Heri menyatakan dari pihak korban pada kenyataannya sangat terharu, pasalnya mungkin masih ada ikatan batin dengan pelaku.
"Ya walaupun anak tiri, korban ini turut membesarkannya selama 8 tahun, jadi memang masih ada ikatan batin, apalagi ada anak kandungnya yang masih berumur 9 tahun, korban lebih memikirkan masa depan kedua anak tersebut, meskipun apa yang dilakukan kepada korban sangat tragis,"ucapnya.

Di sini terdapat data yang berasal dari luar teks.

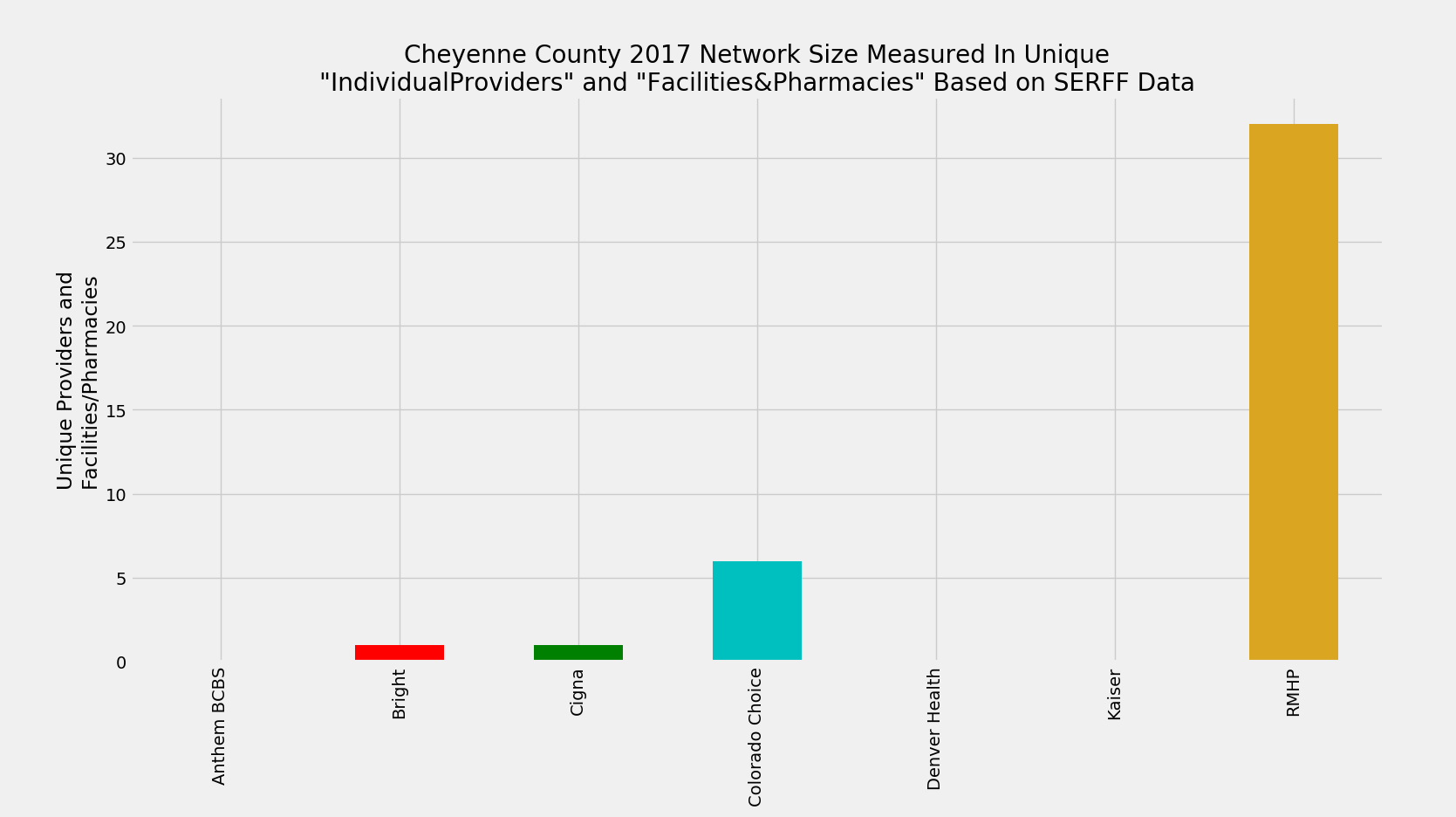 Cheyenne_County_Network_Size_ProFac_Rating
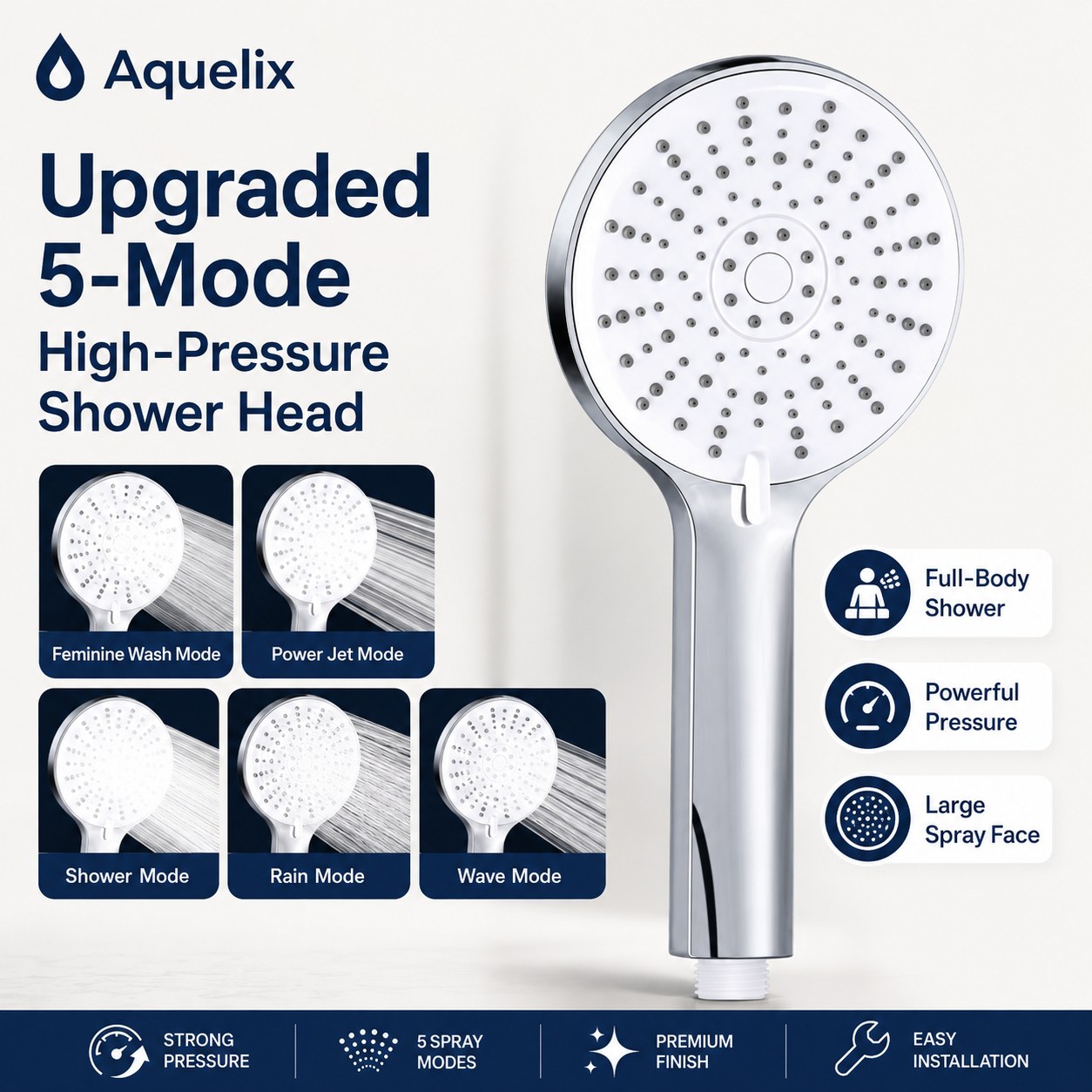 upgraded 5 mode high pressure shower head - AQ-S480 Upgraded 5-Mode High-Pressure Shower Head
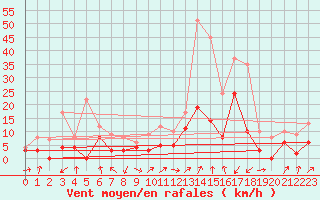 Courbe de la force du vent pour Grenoble/agglo Le Versoud (38)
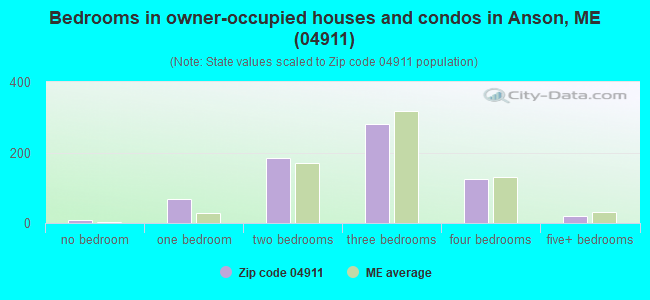 Bedrooms in owner-occupied houses and condos in Anson, ME (04911)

Kesimpulan dari perkara ini, Heri menyatakan korban tidak lagi melanjutkan permasalah ini ke prosedur hukum sebagaimana kesepakatan dari proses mediasi.
"Jadi Korban sangat legowo memaafkan pelaku, dan tidak lagi melanjutkan permasalahan ini ke prosedur hukum selanjutnya. Artinya kedua belah pihak islah,"pungkasnya.